CLグループステージ全勝のアヤックス。各ポジションのプレーを継承する伝統のスタイルは健在

  • 西部謙司●文 text by Nishibe Kenji
  • photo by Getty Images

 3年前のフレンキー・デ・ヨングとはタイプが違う。ただ、エドガー・ダービッツやトマーシュ・ガラーセクのような守備力とハードワークの名選手もいたので、アヤックスに全くいなかったわけではない。

 アルバレスはビルドアップ時にはむしろデコイ(おとり)になっていて、彼自身が局面を動かすというよりも、定石どおりのライン間に立って相手を引きつけ、前方へのパスはCBのマルティネスやインサイドハーフから下りてくるライアン・フラーフェンベルフに任せている。

 19歳のインサイドハーフ、フラーフェンベルフも異質なタイプだ。機敏な技巧派が定番のポジションにしては190㎝と例外的な長身である。ユース出身、あのクラレンス・セードルフの最年少デビュー記録を塗り替えた逸材。
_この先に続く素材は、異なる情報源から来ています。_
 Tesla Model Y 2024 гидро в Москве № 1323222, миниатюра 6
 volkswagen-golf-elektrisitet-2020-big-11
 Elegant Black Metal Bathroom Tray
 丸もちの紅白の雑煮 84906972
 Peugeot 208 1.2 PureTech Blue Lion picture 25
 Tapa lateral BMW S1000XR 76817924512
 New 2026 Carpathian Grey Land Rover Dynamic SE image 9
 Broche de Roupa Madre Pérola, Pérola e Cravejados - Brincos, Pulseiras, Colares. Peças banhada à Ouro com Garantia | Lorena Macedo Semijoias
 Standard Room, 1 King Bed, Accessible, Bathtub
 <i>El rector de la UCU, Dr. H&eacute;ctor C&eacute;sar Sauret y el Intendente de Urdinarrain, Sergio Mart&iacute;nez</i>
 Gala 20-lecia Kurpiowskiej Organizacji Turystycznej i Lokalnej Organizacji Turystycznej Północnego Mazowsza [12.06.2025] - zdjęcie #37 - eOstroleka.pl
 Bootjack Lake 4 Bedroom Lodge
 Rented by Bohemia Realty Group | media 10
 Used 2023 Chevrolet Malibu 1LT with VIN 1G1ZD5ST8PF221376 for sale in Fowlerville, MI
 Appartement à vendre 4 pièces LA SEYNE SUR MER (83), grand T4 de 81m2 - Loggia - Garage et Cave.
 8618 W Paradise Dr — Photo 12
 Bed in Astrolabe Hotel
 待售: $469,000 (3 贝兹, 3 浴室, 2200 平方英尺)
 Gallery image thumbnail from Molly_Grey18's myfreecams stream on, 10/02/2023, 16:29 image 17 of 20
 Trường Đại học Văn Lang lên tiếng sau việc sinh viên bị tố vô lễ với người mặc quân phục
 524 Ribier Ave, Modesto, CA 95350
アヤックスのインサイドハーフにしては大きすぎる感じがするけれども要件は満たしている。狭いエリアでボールをコントロールして捌く能力は高く、フランク・ライカールトの後継者なのかもしれない。

 左利きの右ウイング、アントニーも注目の21歳。チェルシーへ移籍したハキム・ツィエクの後釜だが、クイックネスはアントニーのほうが上だろう。同じブラジル人のネレスとポジションを争うが、ネレスは左が多いので棲み分けはできている。

 さて、現在の注目選手の紹介に過去の名手たちを引き合いに出したのにはわけがある。アヤックスにはそれぞれのポジションにモデルとなる先人がいて、先輩たちの技術を伝承していく手法を採っているからだ。

【変わらない「遊び」】

 アヤックスの戦術的な骨格は決まっている。多少の紆余曲折はあったにしても、大まかに言えば1960年代あたりから変わっていない。年季の入り方はバルセロナ以上で、自らのプレースタイルへの信頼で突出した存在と言える。それぞれのポジションに求められるプレーが決まっているので、継承が可能だ。

 1998年フランスW杯のオランダ代表は、レジェンドOBをスタッフに加え、「スモール・ティップス」を伝える手法を導入していた。チーム全体の戦術はもうほぼ決まっているので、それよりも各ポジション特有の技術を伝えることに重きを置き始めたわけだ。